The task »
Retype, word for word, every line of the records below starting at the one that contains "Joyful latino adult" and ending at the one that contains "Specialbygget seng med"; include both of those lines and nothing more.

Excerpted records »
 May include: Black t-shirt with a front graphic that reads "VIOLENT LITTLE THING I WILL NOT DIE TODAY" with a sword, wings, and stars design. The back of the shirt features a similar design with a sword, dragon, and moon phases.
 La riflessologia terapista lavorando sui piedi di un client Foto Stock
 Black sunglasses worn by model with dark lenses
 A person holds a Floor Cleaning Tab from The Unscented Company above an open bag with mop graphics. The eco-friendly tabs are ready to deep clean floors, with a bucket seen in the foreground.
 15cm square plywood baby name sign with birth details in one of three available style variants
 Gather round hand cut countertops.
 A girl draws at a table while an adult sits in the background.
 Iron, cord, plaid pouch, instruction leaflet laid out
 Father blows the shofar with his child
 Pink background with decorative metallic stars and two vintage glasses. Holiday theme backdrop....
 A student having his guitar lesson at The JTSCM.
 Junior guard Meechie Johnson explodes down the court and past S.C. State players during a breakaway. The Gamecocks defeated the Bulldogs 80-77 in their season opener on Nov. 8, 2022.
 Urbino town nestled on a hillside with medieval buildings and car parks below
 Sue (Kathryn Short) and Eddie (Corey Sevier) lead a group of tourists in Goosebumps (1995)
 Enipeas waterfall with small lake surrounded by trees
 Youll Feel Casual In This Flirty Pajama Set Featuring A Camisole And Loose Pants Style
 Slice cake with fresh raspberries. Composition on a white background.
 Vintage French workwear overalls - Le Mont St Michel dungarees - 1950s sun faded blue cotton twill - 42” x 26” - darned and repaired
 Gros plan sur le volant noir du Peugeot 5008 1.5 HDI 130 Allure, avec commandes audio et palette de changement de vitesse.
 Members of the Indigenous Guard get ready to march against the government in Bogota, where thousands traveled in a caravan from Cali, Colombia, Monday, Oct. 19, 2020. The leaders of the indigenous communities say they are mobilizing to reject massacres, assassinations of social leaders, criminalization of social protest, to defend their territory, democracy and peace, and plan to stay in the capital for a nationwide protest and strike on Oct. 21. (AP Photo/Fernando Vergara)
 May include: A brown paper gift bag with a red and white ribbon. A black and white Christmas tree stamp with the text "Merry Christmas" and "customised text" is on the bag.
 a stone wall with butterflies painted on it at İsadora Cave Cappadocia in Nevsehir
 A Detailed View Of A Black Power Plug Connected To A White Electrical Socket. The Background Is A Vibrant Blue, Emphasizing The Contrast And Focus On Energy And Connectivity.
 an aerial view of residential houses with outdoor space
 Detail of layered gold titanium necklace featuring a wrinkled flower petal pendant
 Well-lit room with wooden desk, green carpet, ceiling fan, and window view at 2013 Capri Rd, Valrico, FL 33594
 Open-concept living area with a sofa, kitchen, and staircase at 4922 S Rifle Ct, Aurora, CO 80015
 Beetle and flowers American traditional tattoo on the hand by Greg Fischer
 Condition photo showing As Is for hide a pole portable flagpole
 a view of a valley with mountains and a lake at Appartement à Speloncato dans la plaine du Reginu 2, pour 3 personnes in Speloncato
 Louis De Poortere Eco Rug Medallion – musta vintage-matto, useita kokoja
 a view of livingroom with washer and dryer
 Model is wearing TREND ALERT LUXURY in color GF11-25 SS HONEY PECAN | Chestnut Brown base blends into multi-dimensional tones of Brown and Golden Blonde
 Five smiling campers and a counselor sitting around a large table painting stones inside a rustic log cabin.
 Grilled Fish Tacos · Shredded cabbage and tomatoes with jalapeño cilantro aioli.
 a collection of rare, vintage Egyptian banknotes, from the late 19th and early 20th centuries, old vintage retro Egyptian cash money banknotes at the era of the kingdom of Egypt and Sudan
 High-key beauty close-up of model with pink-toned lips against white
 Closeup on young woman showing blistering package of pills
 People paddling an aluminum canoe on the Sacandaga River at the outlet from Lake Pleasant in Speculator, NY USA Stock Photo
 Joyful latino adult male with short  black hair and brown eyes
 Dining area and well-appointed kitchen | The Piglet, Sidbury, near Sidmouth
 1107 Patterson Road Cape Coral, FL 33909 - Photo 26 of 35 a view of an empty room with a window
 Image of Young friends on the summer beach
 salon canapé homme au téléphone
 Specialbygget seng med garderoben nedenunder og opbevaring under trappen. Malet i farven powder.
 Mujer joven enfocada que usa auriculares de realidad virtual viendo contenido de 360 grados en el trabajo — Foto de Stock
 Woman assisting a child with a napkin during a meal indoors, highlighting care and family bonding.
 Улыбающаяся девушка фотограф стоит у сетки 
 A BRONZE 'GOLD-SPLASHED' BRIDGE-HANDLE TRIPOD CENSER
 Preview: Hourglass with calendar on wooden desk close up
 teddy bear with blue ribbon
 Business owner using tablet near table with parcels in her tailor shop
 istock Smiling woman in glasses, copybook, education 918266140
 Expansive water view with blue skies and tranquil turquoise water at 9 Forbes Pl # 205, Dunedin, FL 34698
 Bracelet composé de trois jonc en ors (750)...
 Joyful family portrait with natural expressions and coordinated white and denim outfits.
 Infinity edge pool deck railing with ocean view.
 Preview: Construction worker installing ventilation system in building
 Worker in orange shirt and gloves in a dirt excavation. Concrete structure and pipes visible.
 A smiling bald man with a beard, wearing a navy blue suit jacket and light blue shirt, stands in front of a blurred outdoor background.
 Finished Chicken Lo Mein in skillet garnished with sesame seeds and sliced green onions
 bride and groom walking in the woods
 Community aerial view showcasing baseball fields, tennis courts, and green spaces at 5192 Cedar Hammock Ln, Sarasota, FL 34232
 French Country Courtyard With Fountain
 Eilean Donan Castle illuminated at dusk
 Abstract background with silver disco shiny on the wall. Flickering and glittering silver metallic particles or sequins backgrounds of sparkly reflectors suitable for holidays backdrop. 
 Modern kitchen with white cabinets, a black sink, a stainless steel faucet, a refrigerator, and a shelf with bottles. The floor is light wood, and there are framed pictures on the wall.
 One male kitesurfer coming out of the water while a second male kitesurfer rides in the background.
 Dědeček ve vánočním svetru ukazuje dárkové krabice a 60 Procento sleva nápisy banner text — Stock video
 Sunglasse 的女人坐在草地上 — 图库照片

Solution for this problem »
 Joyful latino adult male with short  black hair and brown eyes
 Dining area and well-appointed kitchen | The Piglet, Sidbury, near Sidmouth
 1107 Patterson Road Cape Coral, FL 33909 - Photo 26 of 35 a view of an empty room with a window
 Image of Young friends on the summer beach
 salon canapé homme au téléphone
 Specialbygget seng med garderoben nedenunder og opbevaring under trappen. Malet i farven powder.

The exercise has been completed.